Result of Your Query

A   B   C   D   E   F   G   H   I   J   K   L   M   N   O   P   Q   R   S   T   U   V   W   X   Z

homomorphismHomomorphismus (ger.)

  • The condition of being homomorphic; resemblance of form, esp. without real structural affinity. (OED 2011)

    the homogeneity which attends homomorphism, i.e. the similarity of quality which in general is associated with similarity of form, in the majority of cases not extending to larger groups than are here called types and sections

    Burnett, G.T. (1835). Outlines of Botany, 2 vols.: II, 263; cf. 985.


    it has been shown that plants, not specifically the same, if they have the same general structure, are possessed of the same general properties. On this discovery is built the doctrine of homomorphism, one of the most important advances made in modern botany; for, from the ascertained properties of a few known plants, the qualities may be safely predicated of multitudes that are unknown.

    Burnett, G.T. (1835). Introductory to the course of botanical demonstrations. London Medical and Surgical Journal 7, 457-463: 461.
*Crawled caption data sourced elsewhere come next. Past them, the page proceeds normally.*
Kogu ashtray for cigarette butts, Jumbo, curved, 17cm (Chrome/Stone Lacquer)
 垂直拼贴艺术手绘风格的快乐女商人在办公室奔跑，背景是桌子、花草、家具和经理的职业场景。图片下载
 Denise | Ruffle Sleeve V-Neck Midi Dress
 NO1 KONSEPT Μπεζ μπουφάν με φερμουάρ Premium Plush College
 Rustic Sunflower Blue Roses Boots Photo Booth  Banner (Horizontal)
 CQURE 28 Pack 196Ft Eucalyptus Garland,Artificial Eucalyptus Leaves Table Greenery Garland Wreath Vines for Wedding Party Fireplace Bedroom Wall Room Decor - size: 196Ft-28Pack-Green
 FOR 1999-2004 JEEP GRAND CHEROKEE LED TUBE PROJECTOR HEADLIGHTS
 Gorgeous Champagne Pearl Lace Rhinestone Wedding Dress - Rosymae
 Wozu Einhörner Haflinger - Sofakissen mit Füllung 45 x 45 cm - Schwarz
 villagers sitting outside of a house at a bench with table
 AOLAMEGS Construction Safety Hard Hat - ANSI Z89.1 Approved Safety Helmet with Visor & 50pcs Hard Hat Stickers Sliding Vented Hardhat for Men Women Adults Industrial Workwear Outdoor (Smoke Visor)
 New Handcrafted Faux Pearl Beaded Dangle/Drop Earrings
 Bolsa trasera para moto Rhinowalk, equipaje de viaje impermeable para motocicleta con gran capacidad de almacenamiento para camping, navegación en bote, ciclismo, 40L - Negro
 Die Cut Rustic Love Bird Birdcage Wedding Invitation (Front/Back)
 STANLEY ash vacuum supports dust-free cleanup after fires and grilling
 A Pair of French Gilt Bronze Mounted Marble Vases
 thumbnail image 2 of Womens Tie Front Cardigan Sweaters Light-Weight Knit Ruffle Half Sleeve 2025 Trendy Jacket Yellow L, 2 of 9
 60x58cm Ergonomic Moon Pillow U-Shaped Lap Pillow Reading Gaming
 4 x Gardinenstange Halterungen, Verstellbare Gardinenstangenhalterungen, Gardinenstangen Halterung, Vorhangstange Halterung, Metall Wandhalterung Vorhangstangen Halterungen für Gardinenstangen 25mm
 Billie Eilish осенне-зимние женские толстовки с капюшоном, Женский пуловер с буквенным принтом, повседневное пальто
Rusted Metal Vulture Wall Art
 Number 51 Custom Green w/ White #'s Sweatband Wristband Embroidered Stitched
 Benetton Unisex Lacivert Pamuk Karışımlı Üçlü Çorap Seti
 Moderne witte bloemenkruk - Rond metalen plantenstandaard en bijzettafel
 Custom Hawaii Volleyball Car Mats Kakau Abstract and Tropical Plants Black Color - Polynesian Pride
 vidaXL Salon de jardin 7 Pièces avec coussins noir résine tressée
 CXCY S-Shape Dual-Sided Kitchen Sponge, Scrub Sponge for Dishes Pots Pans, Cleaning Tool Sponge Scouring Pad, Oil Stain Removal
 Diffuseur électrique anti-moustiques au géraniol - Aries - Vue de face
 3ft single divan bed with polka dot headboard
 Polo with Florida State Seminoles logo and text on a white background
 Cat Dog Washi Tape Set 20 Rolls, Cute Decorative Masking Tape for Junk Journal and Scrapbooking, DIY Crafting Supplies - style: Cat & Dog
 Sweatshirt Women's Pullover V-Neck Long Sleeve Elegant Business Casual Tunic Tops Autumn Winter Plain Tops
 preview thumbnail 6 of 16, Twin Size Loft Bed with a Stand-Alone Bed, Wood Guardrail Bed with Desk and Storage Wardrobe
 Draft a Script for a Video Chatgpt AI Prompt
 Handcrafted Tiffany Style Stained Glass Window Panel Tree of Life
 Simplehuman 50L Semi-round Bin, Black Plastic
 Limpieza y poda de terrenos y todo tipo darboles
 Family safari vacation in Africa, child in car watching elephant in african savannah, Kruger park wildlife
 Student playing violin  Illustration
    Griffel bei allen Individuen von gleicher Länge. (Homomorphismus.)

    Alefeld, F. (1866). Landwirthschaftliche Flora: 102.


    Homomorphism subsists between the Polyzoa and the Hydroida.

    Nicholson, H.A. (1870). A Manual of Zoology for the Use of Students: 233.


    Many examples are known, both in the animal and the vegetable kingdom, in which families widely removed from one another in their fundamental structure, nevertheless present a […] close resemblance. For this phenomenon the term ‘homomorphism’ has been proposed, and such forms are said to be ‘homomorphic’.

    Nicholson, H.A. (1872). Introduction to the Study of Biology: 50-1.